__Your objective__
From the entries below, return only the lines starting at the one that contains "1978 Ford Bronco - This" and ending at the one that contains "Detailliertes Tattoo eines", exactly as they stand.

__Task inputs__
· · · · · · ·

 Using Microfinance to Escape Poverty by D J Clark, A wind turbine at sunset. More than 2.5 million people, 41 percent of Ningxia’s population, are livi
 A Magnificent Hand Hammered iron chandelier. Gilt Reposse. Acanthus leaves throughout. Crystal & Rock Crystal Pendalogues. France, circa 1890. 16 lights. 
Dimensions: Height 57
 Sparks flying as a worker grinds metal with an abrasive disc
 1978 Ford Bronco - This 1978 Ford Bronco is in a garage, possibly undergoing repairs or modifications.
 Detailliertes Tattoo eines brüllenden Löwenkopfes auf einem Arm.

· · · · · · ·

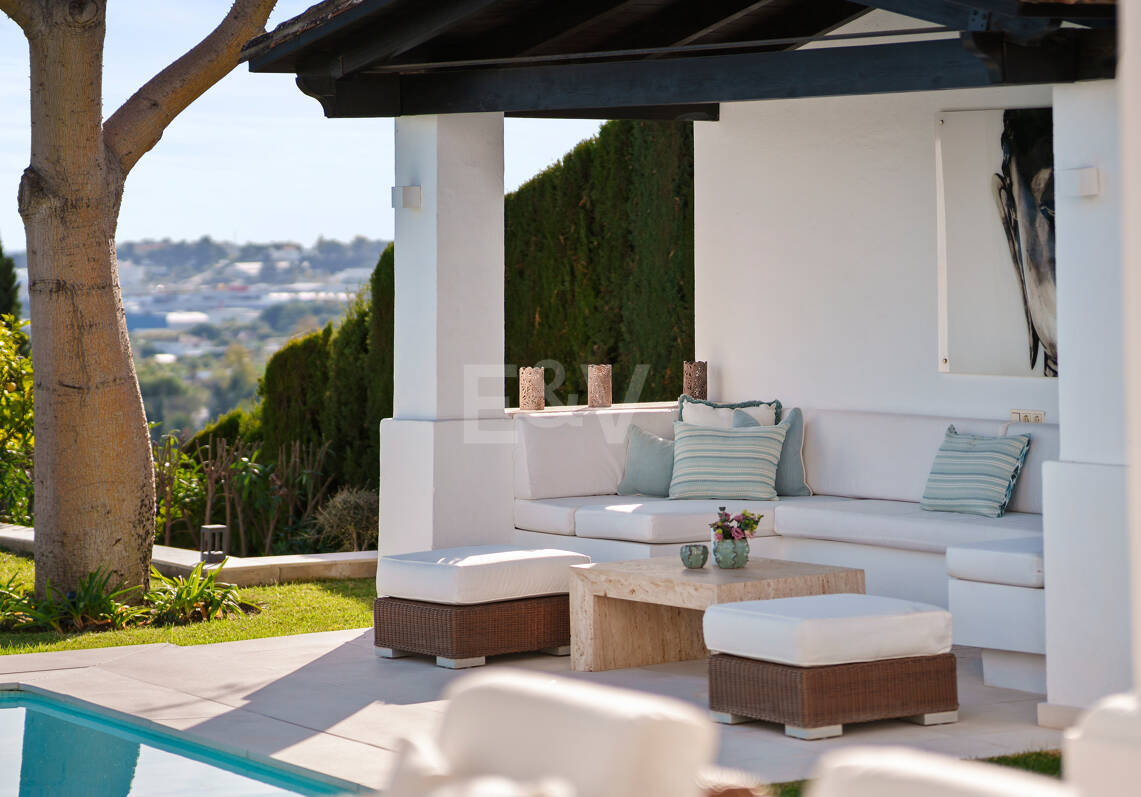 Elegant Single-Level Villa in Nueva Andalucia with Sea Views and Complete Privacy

· · · · · · ·

__Answer__
 1978 Ford Bronco - This 1978 Ford Bronco is in a garage, possibly undergoing repairs or modifications.
 Detailliertes Tattoo eines brüllenden Löwenkopfes auf einem Arm.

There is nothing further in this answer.